**REQUIREMENT**
When you reach the line with "Rhinestones Women Bags" in the records below, begin transcribing exactly and continue up to and including the line with "Off-Shoulder Mesh Cutout Maxi Dress", leaving out every picture.

**DATA EXTRACT**
__________

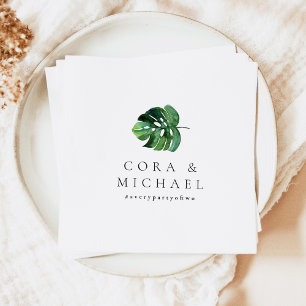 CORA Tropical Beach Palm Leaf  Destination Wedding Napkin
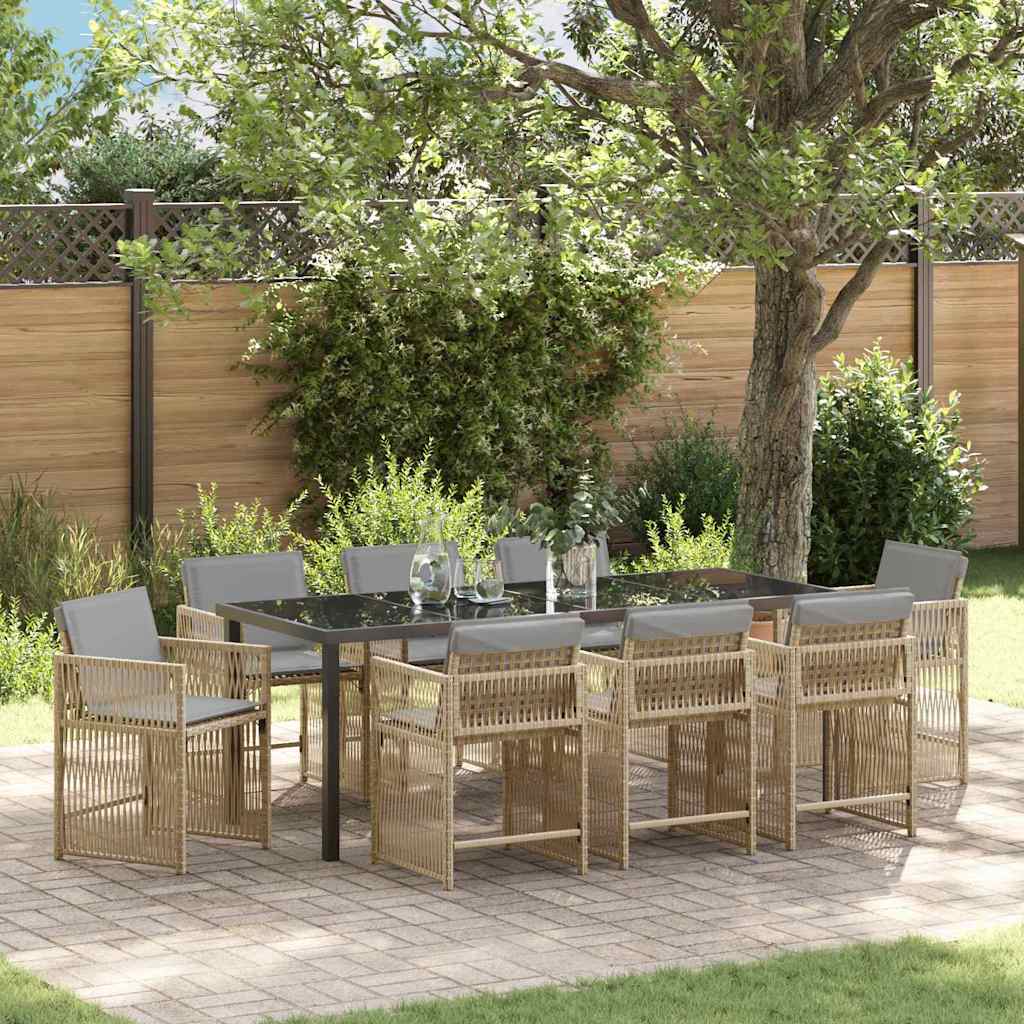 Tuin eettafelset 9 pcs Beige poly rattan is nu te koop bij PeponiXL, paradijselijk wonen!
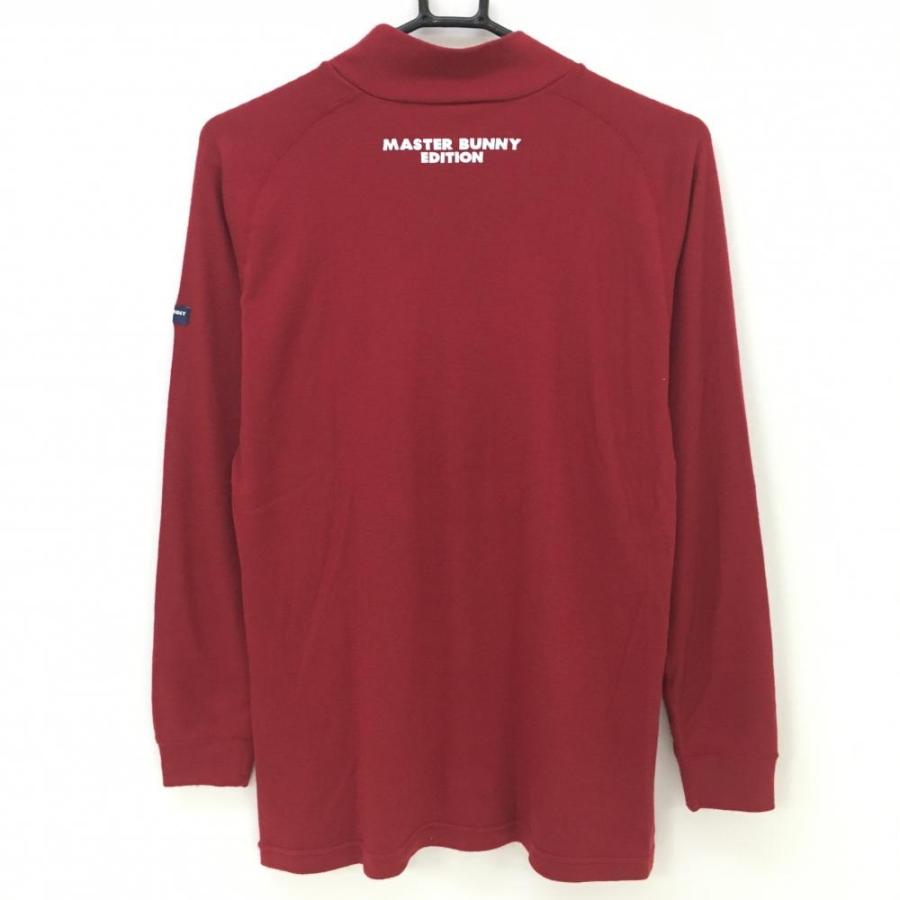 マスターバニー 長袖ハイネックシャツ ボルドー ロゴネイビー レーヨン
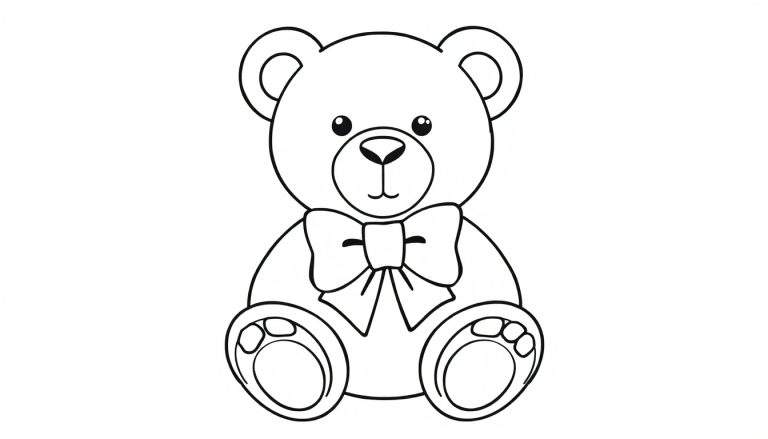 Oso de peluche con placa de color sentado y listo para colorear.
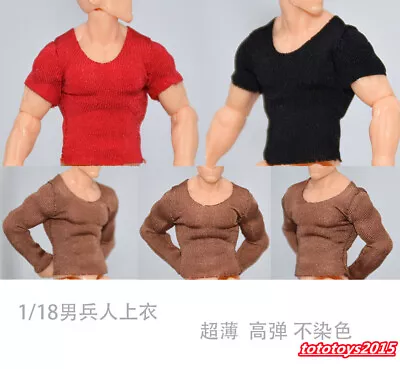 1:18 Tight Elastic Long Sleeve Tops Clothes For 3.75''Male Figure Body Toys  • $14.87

__________

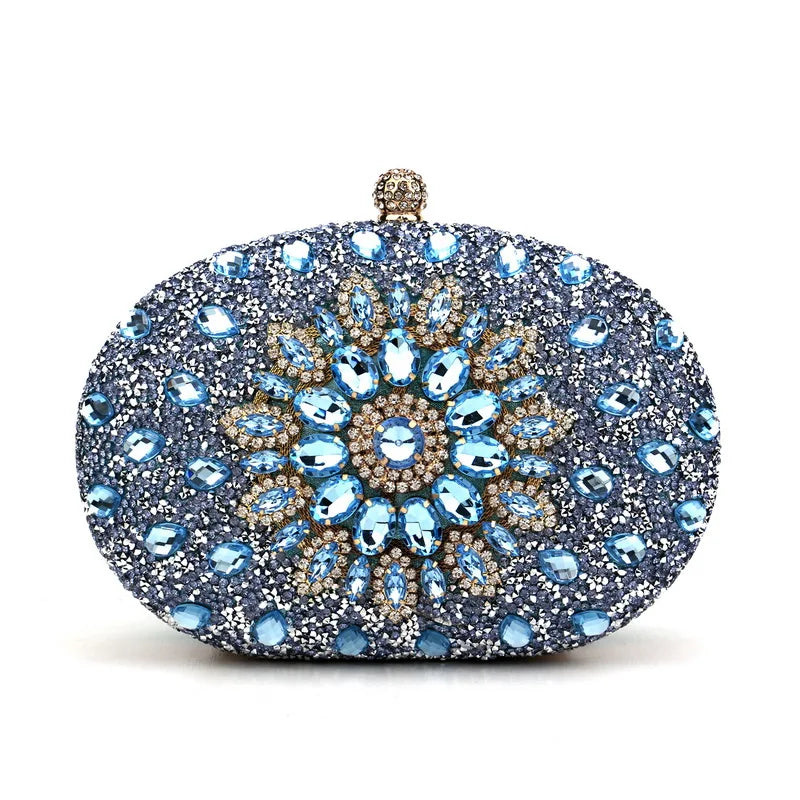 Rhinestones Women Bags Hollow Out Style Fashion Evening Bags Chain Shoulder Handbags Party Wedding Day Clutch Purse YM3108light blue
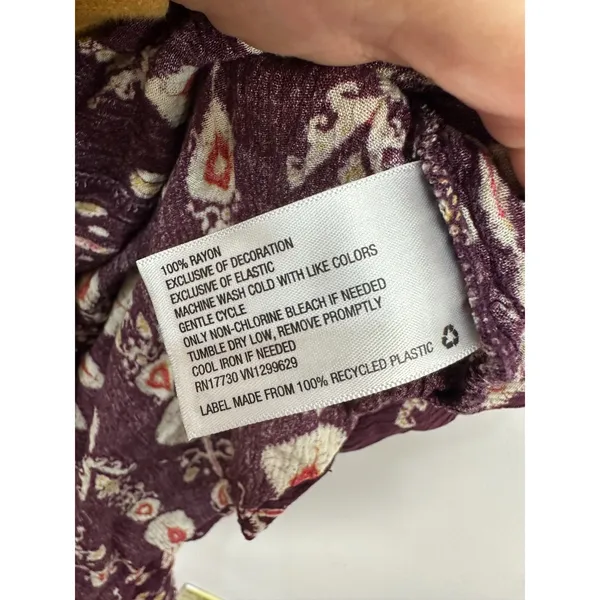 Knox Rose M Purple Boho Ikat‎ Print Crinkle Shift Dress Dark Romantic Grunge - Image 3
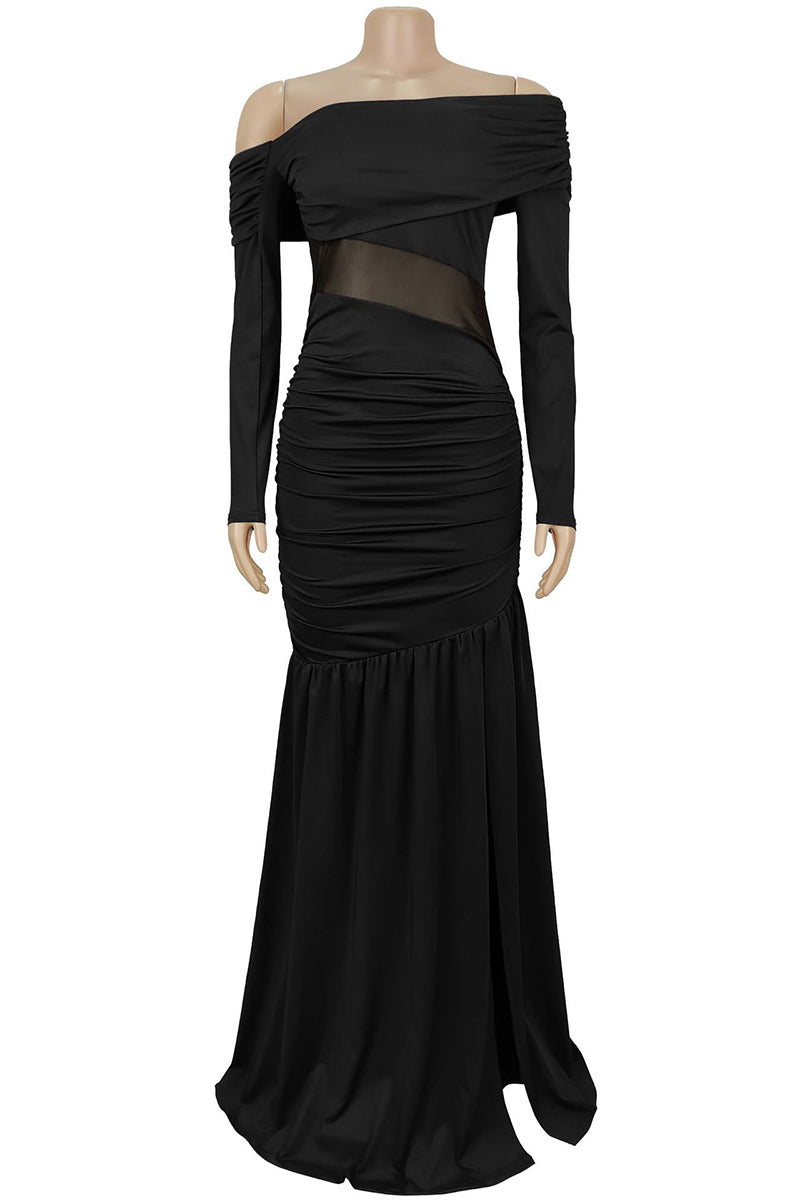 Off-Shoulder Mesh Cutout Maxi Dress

__________

**SOLUTION TO THIS EXERCISE**
 Rhinestones Women Bags Hollow Out Style Fashion Evening Bags Chain Shoulder Handbags Party Wedding Day Clutch Purse YM3108light blue
 Knox Rose M Purple Boho Ikat‎ Print Crinkle Shift Dress Dark Romantic Grunge - Image 3
 Off-Shoulder Mesh Cutout Maxi Dress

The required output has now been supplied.